She went anyway, while everyone bit their nails and fretted for her and the children.  They came through untouched.

Abandoned, indeed.

Still, she felt that way.  On top of feeling abandoned, she could never understand why. Wasn't she doing everything that was asked of her to the top of her ability every second of her life? It wasn't until the very end of her life that a spiritual advisor pointed out to her that one of the gifts Jesus brings is sharing in His suffering and that people who receive, say, the Stigmata, are suffering with Him in a very specific way.  He suggested to her that she had lived her live in "the Agony in the Garden", in which Jesus is left alone by His sleepy disciples in His greatest hour of need.

That snapped her out of it. She was overjoyed with this gift.

So imagine that!  You and Mother Teresa, struggling to be the best person you can be and to find Jesus everywhere and do everything He asks and all the while feeling full of doubt and anxiety.  But...you both do it anyway.
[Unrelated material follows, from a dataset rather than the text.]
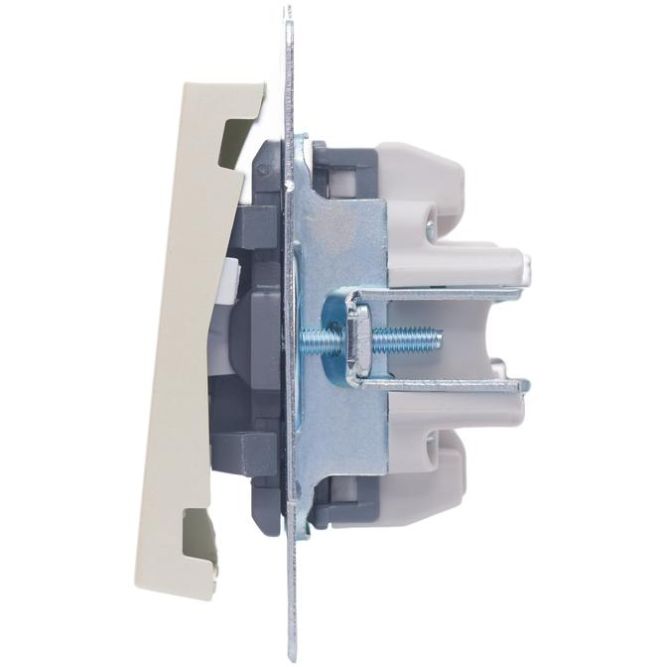 Выключатель 2-кл. СП Vesna с индикацией механизм жемчуж./бел. перламутр. LEZARD 742-3088-112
She'll be a saint any second, I'm sure.  And there are saints who spell their name that way, as opposed to Therese and Theresa, so no one will bother you about it.


ArchAngel's Advocate said...

Actually Teresa (of Ávila fame) is spelled without the "H", Sister...

Sister Mary Martha said...

That's exactly the saint I was thinking about when I wrote this.

Nelson said...

Dear Sister, nice to see u writing about Mother, as I am an Indian. Calcutta has been renamed to Kolkata, but still Mother is associated with old name only. And a humble suggestion, if i'm right, He spoke to her on a train from Calcutta to Darjeeling(a hill station in India), not Europe. Her frustration as an Indian, I guess might be due to the people who accused her of converting hindus to Christianity. Though she was an angel at many people's life, she felt she had none...

Nelson said...

As well I hope you answer my doubt sister, thanks!

Helen said...

Dear Sister,
Do you have a patron saint for a woman (me) who was told years ago that she can't have children, but desperately wants children? I already checked your etsy shop.
I was told I'd need invitro to conceive. I know that the Church doesn't allow for it and why. I just want my miracle. Can you match me up sister? Thank you.

Sister Mary Martha said...

That's St. Rita, Helen, the patron saint of help getting pregant, although I don't know why. She certainly was told that she couldn't have what she wanted, which was to become a nun, over and over and over again until the angels came and picked her up and flew her over the convent wall.

Thou Art Jules said...

Thank you for all of your time with this Sister! I think Mother Teresa and I would've gotten along nicely (although we might not have been happy about it! lol since misery loves company!)

P.S. my middle name is Theresa

Ann said...

Helen, Try St Gianna Beretta Molla. I recently venerated her relics and she is great for anything related to pregnancy. Check out her website
She was a great woman. Very modern saint :)

Helen said...

Thank you, Sister.

Thou Art Jules said...

I received the go ahead last night! Mother Teresa of Calcutta it is!

Thank you all for your help!

JP said...


For fertility issues, you may wish to consult the Pope Paul VI Institute http://www.popepaulvi.com/about.htm . Dr. Hilgers works within Catholic guidelines and has had quite good success in helping couples with fertility issues.

mph said...

Hello Sister,
(if indeed you are Sister)...sorry, been on google too much this weekend and come accross all sorts of sites by mistake, one of which leads to my question. Jesus said not to use repetitive prayers as the heathens do which has lead to criticism of the rosary by non-Catholics. To be fair, it is quite repetitive, so how do we answer this to the critics?